Data excerpts:
* * * * *
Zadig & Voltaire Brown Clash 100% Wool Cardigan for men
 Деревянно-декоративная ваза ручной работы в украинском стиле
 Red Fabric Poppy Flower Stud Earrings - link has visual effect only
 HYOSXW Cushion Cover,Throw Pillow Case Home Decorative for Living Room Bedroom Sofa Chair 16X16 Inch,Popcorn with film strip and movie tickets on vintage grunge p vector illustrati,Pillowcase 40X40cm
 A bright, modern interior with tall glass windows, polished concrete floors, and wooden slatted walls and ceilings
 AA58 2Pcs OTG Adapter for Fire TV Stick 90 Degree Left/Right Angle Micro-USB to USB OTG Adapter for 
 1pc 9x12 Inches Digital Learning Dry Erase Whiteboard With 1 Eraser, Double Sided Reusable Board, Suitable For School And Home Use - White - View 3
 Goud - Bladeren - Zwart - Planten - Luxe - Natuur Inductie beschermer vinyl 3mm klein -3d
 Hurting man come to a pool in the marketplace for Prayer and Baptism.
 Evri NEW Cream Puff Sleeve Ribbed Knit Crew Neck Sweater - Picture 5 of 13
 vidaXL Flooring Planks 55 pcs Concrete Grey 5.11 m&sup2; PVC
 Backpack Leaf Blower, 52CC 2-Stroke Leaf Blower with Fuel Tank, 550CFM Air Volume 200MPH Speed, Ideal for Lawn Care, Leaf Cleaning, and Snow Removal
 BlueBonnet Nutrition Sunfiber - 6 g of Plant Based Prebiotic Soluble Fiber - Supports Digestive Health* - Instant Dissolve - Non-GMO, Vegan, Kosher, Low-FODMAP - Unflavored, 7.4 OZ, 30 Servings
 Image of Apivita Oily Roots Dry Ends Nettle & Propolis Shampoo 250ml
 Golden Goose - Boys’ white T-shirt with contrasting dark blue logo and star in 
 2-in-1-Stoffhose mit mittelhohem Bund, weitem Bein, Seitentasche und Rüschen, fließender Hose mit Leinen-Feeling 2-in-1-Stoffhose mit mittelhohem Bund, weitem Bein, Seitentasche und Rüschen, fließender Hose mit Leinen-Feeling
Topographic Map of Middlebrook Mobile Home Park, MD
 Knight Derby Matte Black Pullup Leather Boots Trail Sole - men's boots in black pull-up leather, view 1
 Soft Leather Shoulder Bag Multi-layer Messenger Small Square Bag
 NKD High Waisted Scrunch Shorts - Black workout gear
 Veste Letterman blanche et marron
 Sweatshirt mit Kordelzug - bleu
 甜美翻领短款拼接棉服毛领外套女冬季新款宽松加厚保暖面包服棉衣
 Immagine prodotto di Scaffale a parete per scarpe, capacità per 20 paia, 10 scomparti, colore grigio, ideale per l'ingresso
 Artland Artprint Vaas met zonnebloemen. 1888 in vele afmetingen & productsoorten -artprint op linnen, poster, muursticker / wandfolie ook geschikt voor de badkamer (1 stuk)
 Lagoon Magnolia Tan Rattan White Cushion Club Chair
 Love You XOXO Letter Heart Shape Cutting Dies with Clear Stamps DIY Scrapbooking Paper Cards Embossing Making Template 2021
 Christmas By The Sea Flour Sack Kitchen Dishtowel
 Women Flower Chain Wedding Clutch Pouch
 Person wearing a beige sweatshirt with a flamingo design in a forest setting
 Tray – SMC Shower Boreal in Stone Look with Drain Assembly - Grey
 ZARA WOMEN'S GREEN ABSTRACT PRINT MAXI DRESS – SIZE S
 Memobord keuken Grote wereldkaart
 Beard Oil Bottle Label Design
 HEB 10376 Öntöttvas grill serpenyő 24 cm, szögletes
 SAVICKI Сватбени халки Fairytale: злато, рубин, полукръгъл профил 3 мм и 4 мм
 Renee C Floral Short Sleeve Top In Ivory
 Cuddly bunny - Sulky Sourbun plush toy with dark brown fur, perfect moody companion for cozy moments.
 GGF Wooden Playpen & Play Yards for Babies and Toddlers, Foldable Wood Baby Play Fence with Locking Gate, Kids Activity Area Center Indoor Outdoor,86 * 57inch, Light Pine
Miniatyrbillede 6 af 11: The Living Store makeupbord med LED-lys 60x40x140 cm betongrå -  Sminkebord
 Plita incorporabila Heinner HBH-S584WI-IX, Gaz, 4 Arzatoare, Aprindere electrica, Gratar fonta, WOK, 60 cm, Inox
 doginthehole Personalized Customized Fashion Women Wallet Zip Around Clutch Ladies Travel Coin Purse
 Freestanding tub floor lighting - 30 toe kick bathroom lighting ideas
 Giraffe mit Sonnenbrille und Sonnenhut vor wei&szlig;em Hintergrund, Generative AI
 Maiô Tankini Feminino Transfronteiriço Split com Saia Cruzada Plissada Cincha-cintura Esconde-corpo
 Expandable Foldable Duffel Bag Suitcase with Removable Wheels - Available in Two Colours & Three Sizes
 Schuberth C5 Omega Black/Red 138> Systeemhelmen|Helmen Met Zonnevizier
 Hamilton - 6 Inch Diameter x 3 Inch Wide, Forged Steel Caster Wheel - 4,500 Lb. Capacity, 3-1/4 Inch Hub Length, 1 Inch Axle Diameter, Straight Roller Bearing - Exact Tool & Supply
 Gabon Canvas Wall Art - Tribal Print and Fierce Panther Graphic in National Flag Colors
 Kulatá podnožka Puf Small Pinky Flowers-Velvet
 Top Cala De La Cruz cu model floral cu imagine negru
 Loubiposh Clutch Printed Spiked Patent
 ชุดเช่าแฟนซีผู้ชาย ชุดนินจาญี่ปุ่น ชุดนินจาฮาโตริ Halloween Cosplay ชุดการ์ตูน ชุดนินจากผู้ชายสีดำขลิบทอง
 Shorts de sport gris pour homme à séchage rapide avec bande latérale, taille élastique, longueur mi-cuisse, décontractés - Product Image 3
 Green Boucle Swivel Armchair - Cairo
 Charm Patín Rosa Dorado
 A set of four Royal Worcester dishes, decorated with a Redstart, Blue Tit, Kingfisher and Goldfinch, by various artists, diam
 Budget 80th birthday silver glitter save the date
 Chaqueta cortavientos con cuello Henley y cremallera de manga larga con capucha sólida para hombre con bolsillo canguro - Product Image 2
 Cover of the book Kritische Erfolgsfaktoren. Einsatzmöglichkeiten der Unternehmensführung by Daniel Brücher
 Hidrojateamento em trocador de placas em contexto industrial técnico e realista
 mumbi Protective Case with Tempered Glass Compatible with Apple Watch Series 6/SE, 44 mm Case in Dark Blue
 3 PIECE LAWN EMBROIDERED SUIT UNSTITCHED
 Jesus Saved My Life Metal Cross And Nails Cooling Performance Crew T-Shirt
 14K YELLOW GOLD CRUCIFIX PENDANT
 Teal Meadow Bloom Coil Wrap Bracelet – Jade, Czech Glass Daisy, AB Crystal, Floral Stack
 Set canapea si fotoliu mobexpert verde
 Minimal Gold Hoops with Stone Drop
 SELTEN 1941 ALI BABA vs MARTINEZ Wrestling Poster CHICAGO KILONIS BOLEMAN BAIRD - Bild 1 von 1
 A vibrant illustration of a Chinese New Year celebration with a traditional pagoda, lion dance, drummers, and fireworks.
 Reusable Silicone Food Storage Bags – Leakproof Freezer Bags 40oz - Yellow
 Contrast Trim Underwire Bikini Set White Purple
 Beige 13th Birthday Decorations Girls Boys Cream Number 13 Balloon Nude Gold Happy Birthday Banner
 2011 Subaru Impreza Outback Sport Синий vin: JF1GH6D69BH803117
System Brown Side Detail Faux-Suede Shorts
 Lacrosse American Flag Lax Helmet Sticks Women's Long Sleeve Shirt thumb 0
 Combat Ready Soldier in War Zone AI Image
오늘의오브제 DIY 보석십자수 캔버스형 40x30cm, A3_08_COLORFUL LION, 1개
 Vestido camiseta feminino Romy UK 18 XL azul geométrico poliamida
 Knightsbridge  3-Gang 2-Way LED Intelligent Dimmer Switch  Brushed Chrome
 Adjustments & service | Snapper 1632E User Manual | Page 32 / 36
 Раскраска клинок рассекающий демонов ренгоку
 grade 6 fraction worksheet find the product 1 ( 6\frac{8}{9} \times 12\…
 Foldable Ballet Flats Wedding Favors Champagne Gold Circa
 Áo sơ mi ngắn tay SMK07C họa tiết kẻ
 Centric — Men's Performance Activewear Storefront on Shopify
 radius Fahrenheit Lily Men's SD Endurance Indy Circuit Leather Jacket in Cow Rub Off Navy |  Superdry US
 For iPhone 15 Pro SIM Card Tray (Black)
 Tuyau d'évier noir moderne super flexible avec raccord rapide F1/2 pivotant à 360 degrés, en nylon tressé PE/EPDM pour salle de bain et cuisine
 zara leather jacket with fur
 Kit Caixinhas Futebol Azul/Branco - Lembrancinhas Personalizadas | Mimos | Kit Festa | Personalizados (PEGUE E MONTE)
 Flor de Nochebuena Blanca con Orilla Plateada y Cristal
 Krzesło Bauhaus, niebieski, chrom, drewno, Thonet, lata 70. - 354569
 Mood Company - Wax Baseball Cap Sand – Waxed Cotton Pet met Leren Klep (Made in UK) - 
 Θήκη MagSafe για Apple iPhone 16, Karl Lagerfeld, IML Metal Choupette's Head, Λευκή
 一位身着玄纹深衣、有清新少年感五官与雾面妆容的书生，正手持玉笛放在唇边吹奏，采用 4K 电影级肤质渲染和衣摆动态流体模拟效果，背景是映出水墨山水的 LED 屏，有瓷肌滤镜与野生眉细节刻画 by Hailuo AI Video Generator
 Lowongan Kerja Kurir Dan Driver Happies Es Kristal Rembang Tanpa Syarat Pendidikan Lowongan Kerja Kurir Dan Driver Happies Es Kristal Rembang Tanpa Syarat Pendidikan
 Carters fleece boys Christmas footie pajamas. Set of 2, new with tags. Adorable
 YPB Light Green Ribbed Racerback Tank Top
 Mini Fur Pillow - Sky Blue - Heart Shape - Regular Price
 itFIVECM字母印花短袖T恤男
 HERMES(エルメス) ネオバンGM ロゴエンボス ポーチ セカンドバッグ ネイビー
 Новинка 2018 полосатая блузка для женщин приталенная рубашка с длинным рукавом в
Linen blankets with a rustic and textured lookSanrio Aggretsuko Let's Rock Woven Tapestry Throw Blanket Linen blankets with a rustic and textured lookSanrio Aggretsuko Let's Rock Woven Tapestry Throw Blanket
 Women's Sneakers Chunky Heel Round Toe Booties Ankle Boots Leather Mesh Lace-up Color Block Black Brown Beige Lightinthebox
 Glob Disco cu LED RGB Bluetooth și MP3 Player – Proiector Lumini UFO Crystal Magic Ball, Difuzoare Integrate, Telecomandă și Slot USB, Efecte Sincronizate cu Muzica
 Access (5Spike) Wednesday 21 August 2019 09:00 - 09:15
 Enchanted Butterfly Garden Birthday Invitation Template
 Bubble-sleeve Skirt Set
* * * * *
TASK REQUIREMENTS.
Return only the lines between the one holding "Gabon Canvas Wall" and the one holding "Cover of the", inclusive, exactly as they appear above.

EXERCISE SOLUTION.
 Gabon Canvas Wall Art - Tribal Print and Fierce Panther Graphic in National Flag Colors
 Kulatá podnožka Puf Small Pinky Flowers-Velvet
 Top Cala De La Cruz cu model floral cu imagine negru
 Loubiposh Clutch Printed Spiked Patent
 ชุดเช่าแฟนซีผู้ชาย ชุดนินจาญี่ปุ่น ชุดนินจาฮาโตริ Halloween Cosplay ชุดการ์ตูน ชุดนินจากผู้ชายสีดำขลิบทอง
 Shorts de sport gris pour homme à séchage rapide avec bande latérale, taille élastique, longueur mi-cuisse, décontractés - Product Image 3
 Green Boucle Swivel Armchair - Cairo
 Charm Patín Rosa Dorado
 A set of four Royal Worcester dishes, decorated with a Redstart, Blue Tit, Kingfisher and Goldfinch, by various artists, diam
 Budget 80th birthday silver glitter save the date
 Chaqueta cortavientos con cuello Henley y cremallera de manga larga con capucha sólida para hombre con bolsillo canguro - Product Image 2
 Cover of the book Kritische Erfolgsfaktoren. Einsatzmöglichkeiten der Unternehmensführung by Daniel Brücher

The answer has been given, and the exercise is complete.